Canadian politician (1921–2011)

Neil Reimer (July 3, 1921 – March 29, 2011) was an activist, trade unionist and politician in Canada.

Reimer attended the University of Saskatchewan, but left in 1942 at the age of 19 to work at the Consumers Co-operative Refinery in Regina, Saskatchewan. There he joined a Congress of Industrial Organizations union organizing drive. In 1950, he became an organizer for the CIO's Oil Workers International Union (OWIU) and was sent to Alberta to organize workers in that province's booming petrochemical industry.

In 1951, Reimer became the Canadian director of the OWIU (which subsequently became the Oil, Chemical & Atomic Workers Union) and served as the national director of the union and its successors until he retired in 1982. Under his stewardship, the union grew from fewer than 1,000 members to more than 20,000 by 1961. In 1981 the union gained independence from its American parent to become the Energy and Chemical Workers Union and, in 1992, merged with two other unions to become the Communications, Energy and Paperworkers Union of Canada.
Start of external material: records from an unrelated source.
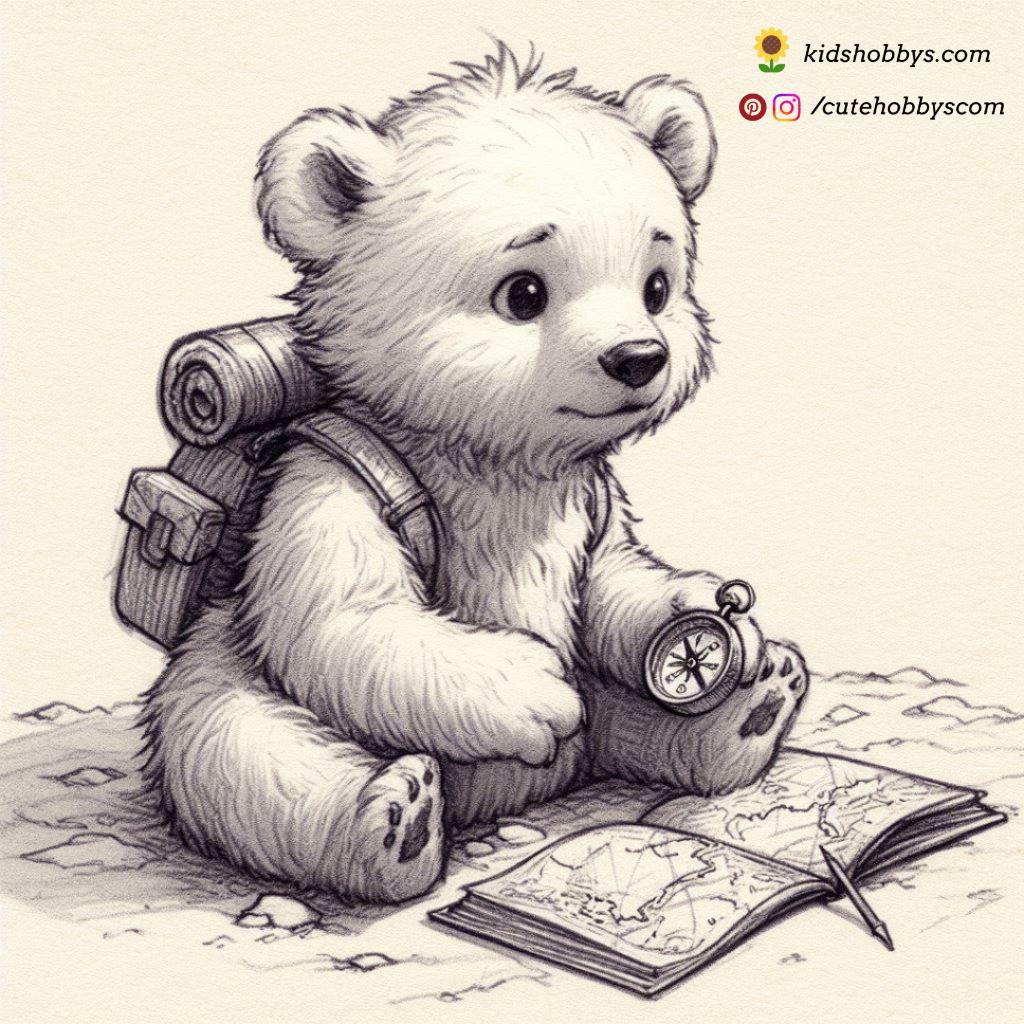 Exploring the Arctic_ A Baby Polar Bear with a Compass and Map 🗺️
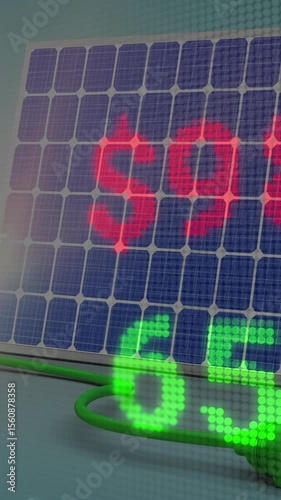 Animation of financial data and graphs over solar panels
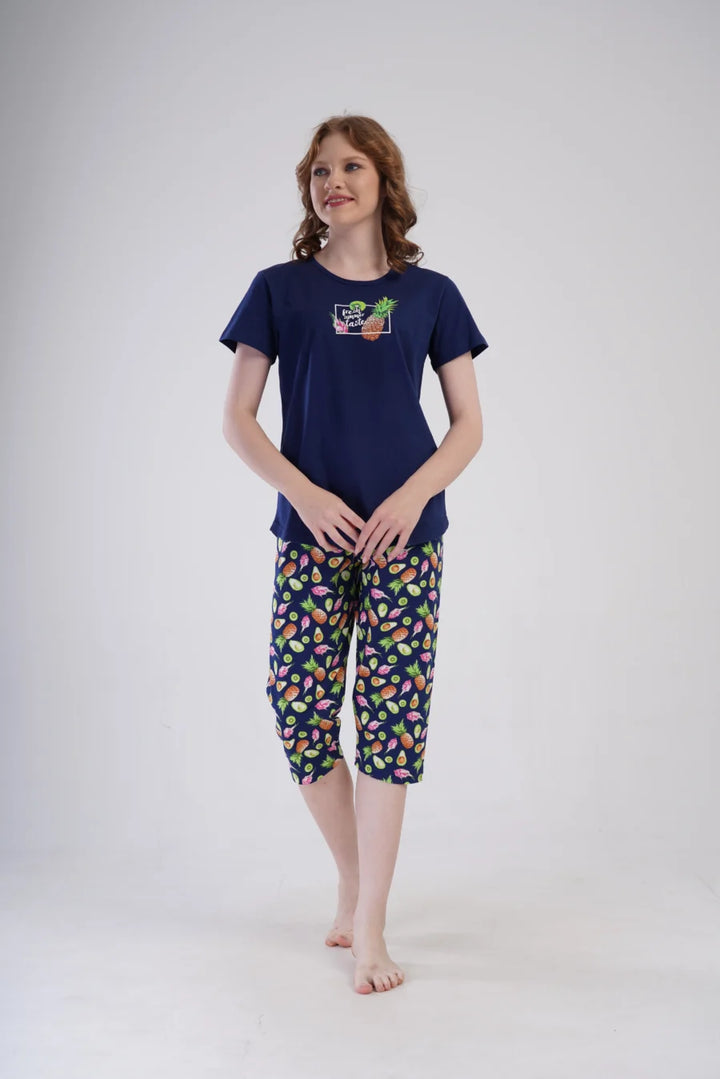 Piżama Damska Vienetta Summer Taste, Granatowy, r. L-XXL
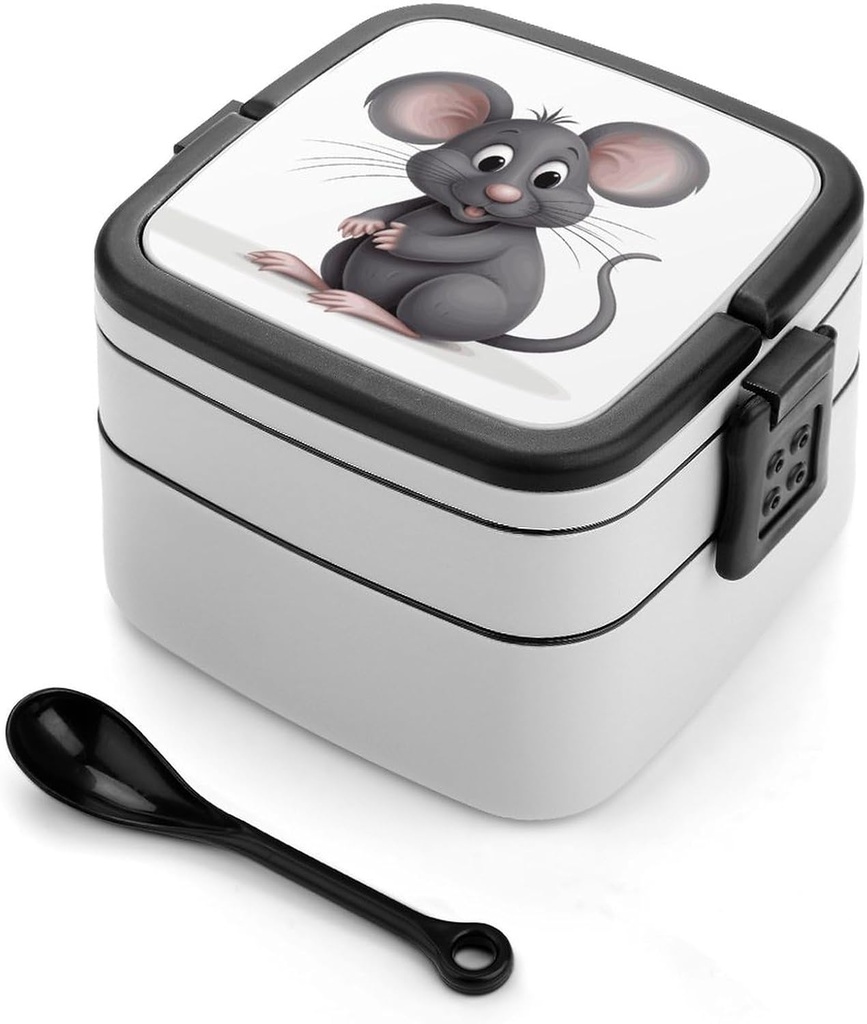 Grey Rat Bento Box Adult Lunch Box All-in-One Lunch Containers with Removable Compartments Double Layer Bento Lunch Box with Spoon And Handle Stackable Lunchbox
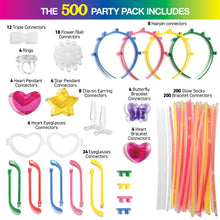 Load image into Gallery viewer, Play22 Glow Sticks Bulk 500 Pack - 200 Glowsticks and 300 Accessories - 8&quot; Ultra Bright Glow Sticks Party Pack Mixed Colors - Glow Sticks Necklaces and Bracelets Enjoyable for Adults and Kids,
Reimer was elected as a vice-president of the Canadian Congress of Labour in the 1950s and remained on the executive of it and its successor, the Canadian Labour Congress, until 1974.

At the 1962 founding convention of the Alberta New Democratic Party, Reimer was named party president. The following January, he was elected the first leader of the Alberta NDP. The NDP's predecessor, the Alberta CCF, had lost its remaining two seats in the 1959 provincial election and received only 4% of the vote. Under Reimer's leadership, the NDP's share of the popular vote rose to 9% in the 1963 election and to nearly 16% in the 1967 election, but did not win any seats. Reimer resigned as NDP leader in 1968.

Reimer remained Canadian director of the OCAW throughout the 1960s and 1970s and became national director of the Energy and Chemical Workers Union when it was formed from the OCAW in 1981. He retired from the union's leadership in 1984. He then served as the president and later as secretary treasurer of the Alberta Council on Aging.

His daughter, Janice Rhea Reimer, served as mayor of Edmonton from 1989 to 1995.